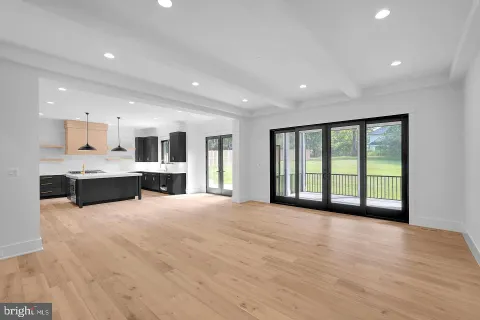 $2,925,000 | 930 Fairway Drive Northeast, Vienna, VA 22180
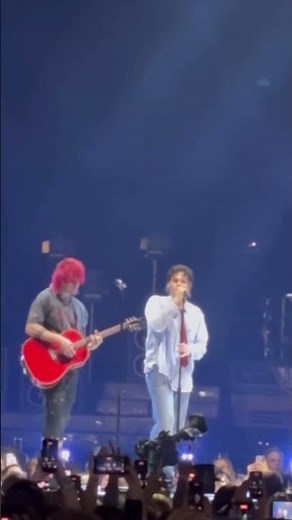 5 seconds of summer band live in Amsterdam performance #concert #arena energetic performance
•••
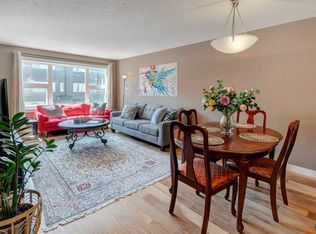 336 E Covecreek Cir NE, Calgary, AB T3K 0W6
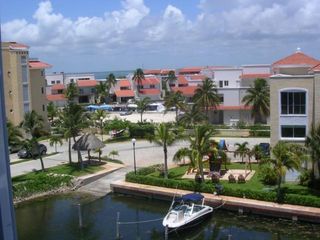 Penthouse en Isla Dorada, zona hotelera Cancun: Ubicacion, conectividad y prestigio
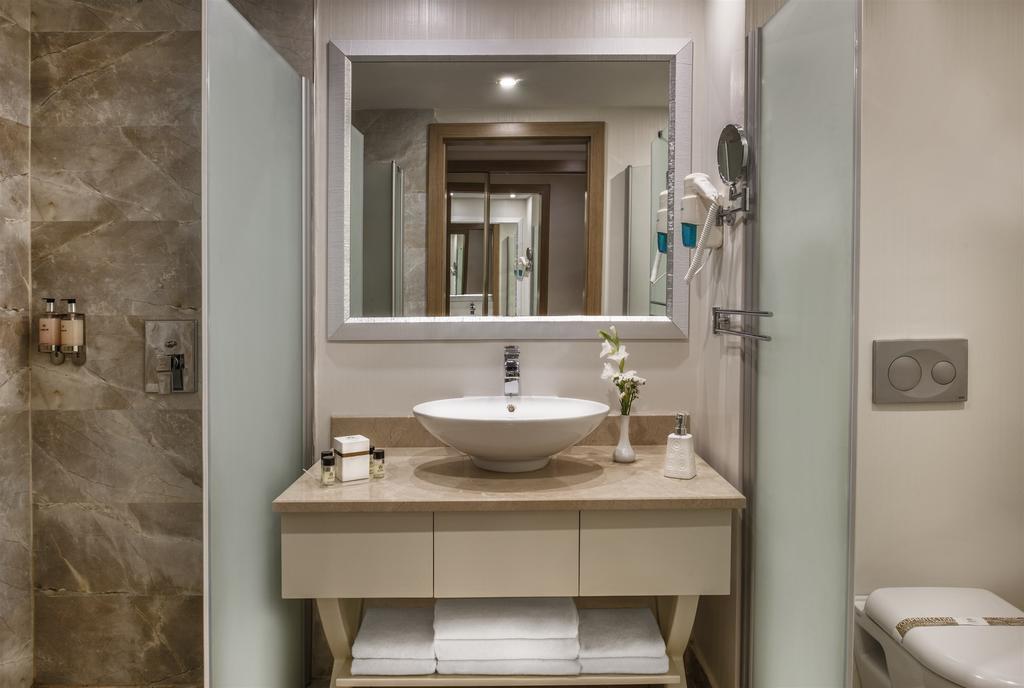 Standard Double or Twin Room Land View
•••
● **Assigned task**:
Above are some entries. Restate word for word the lines from the one holding "Vienna, VA 22180" through the one holding "5 seconds of", but not the pictures.

● **Result**:
 $2,925,000 | 930 Fairway Drive Northeast, Vienna, VA 22180
 5 seconds of summer band live in Amsterdam performance #concert #arena energetic performance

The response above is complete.